#### [AIM OF THE EXERCISE]
Within the lines below, the span from the line with "GMAX Mx 46 Cyclus" to the line with "Green Black Aloha", both ends included, is to be reproduced exactly, with pictures omitted.
:: DATA EXCERPTS
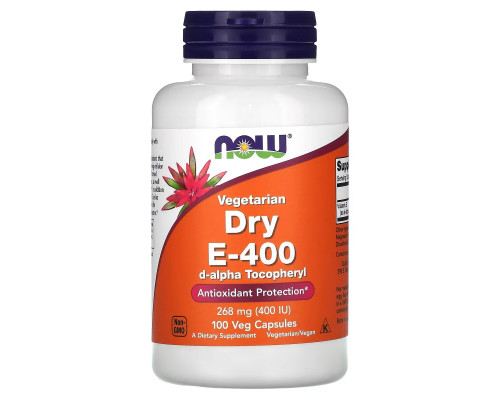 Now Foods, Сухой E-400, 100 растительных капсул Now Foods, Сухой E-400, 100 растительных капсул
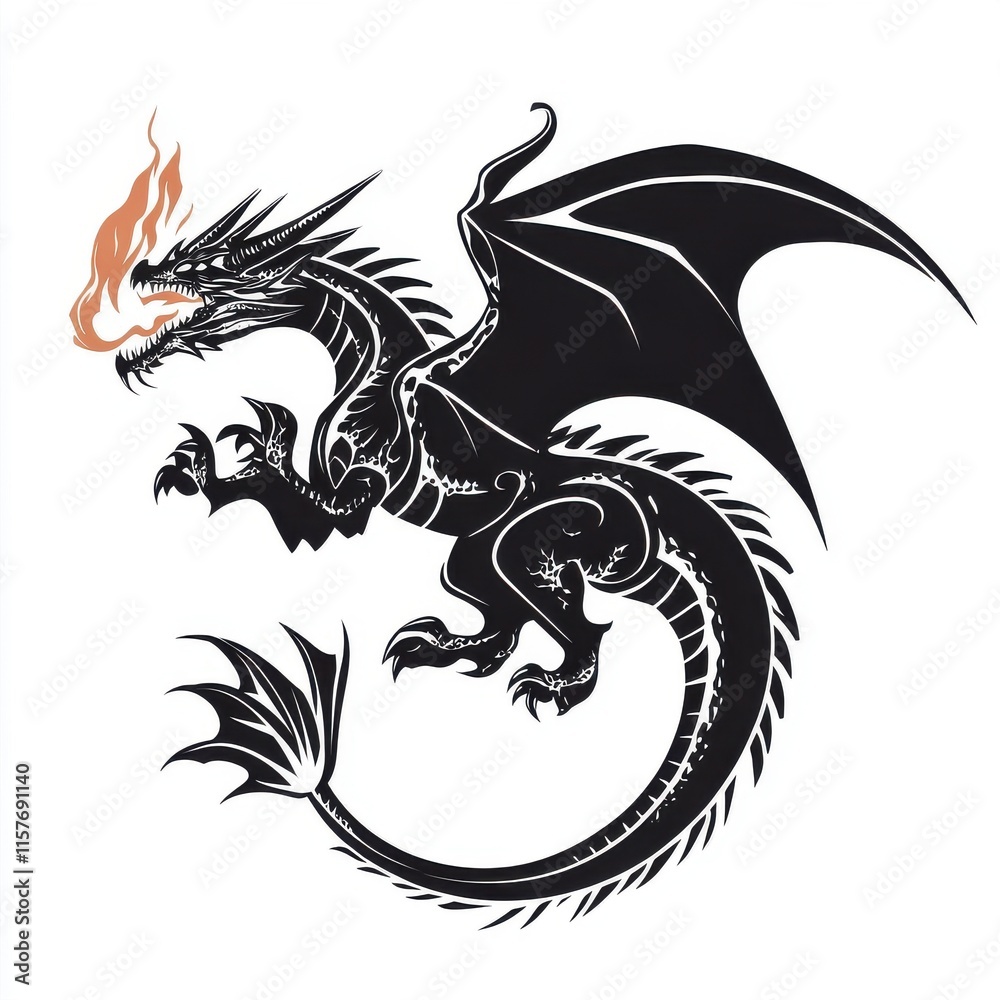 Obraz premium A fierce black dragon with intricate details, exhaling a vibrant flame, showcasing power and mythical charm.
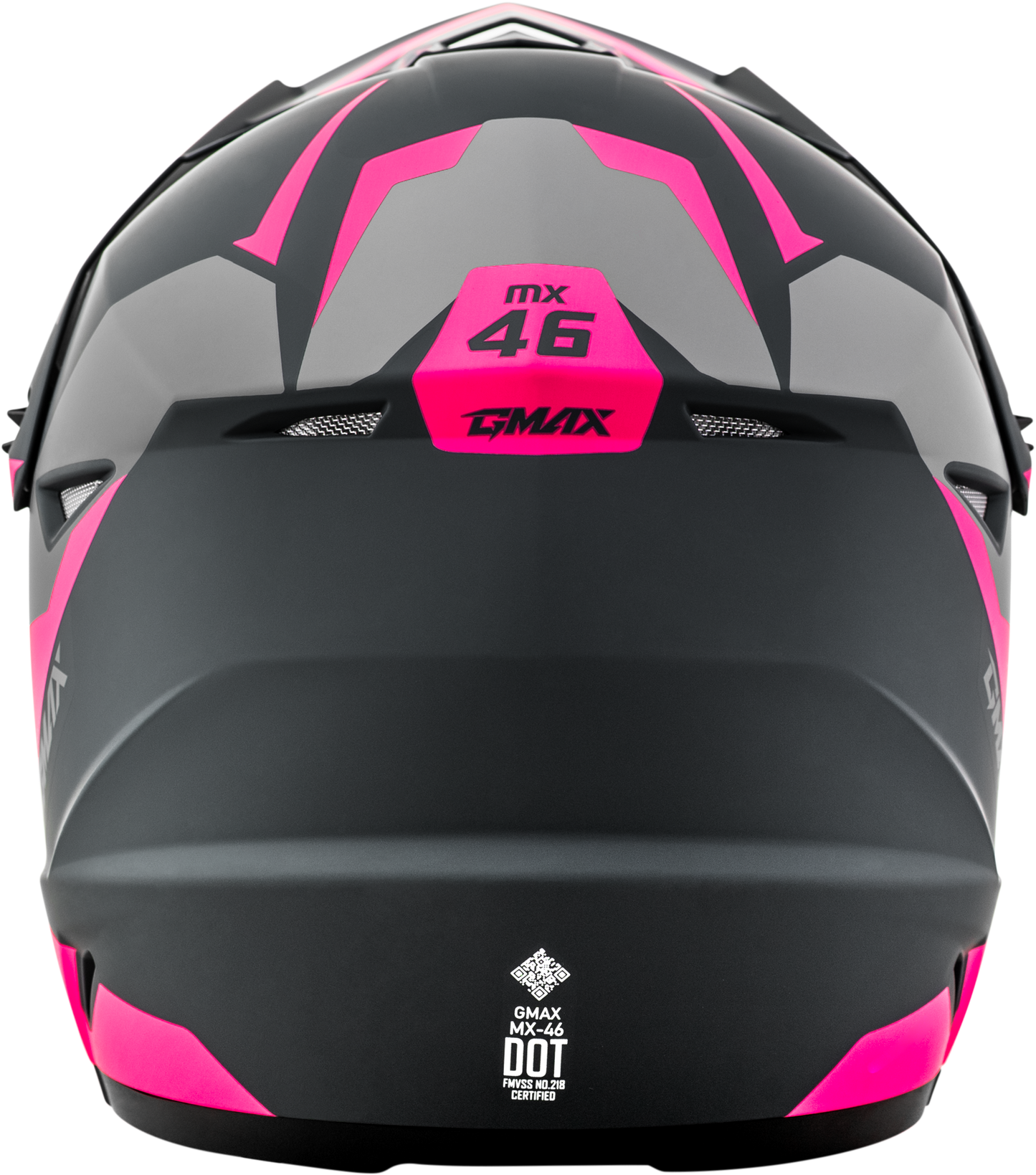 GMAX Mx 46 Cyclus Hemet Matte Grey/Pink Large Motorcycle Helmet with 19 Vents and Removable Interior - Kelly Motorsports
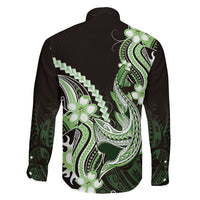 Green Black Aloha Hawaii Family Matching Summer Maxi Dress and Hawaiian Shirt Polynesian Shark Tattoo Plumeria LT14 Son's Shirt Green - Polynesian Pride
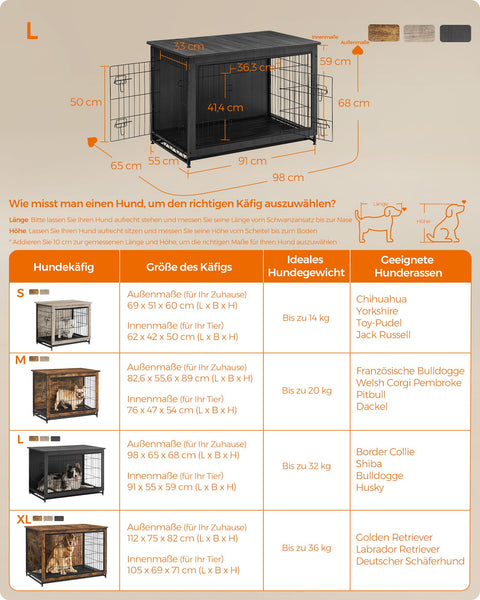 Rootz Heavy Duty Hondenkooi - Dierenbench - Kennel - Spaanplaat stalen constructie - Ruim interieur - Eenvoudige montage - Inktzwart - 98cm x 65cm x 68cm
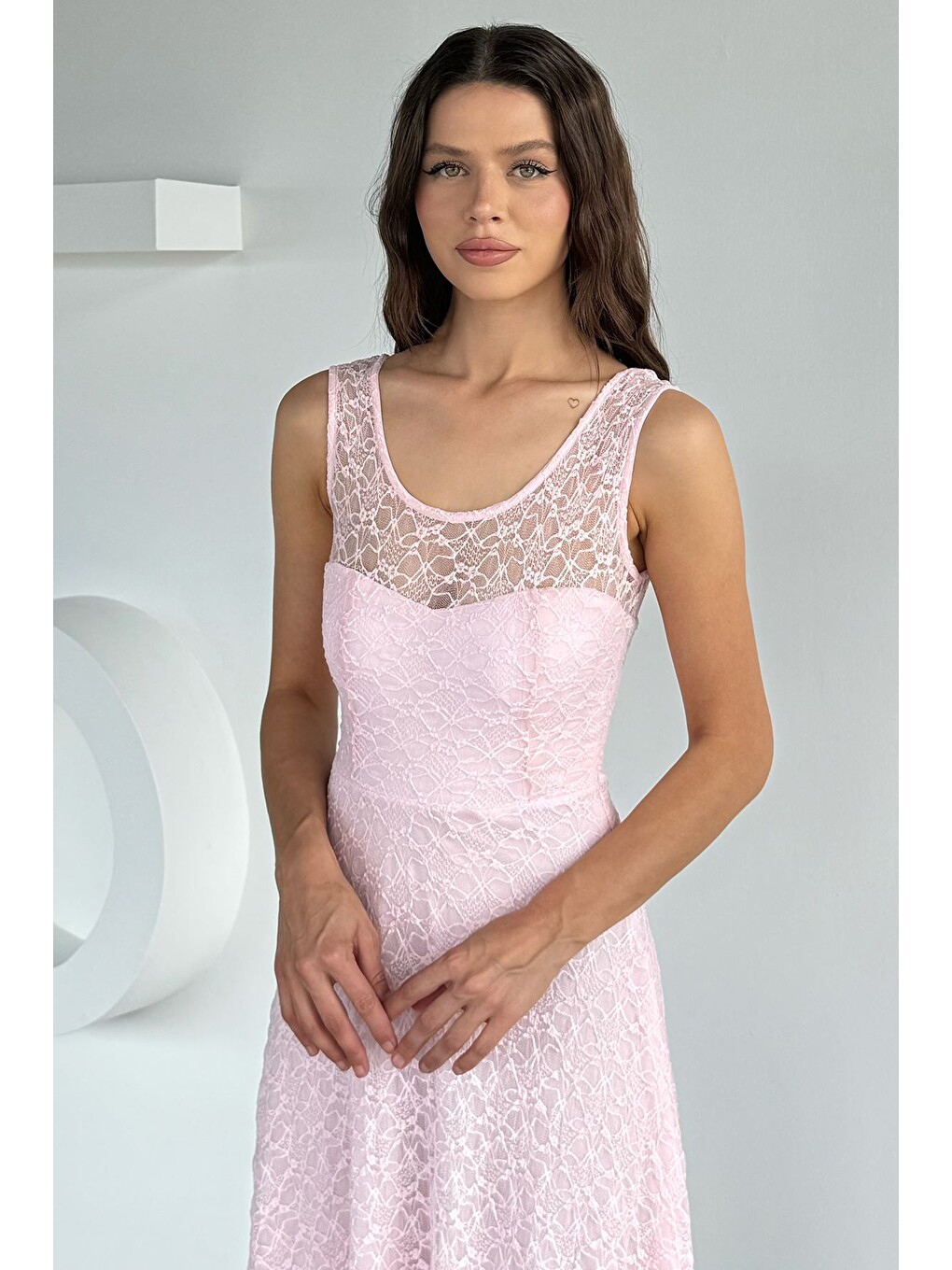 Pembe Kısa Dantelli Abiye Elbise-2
::::
#### [TASK RESULT]
 GMAX Mx 46 Cyclus Hemet Matte Grey/Pink Large Motorcycle Helmet with 19 Vents and Removable Interior - Kelly Motorsports
 Green Black Aloha Hawaii Family Matching Summer Maxi Dress and Hawaiian Shirt Polynesian Shark Tattoo Plumeria LT14 Son's Shirt Green - Polynesian Pride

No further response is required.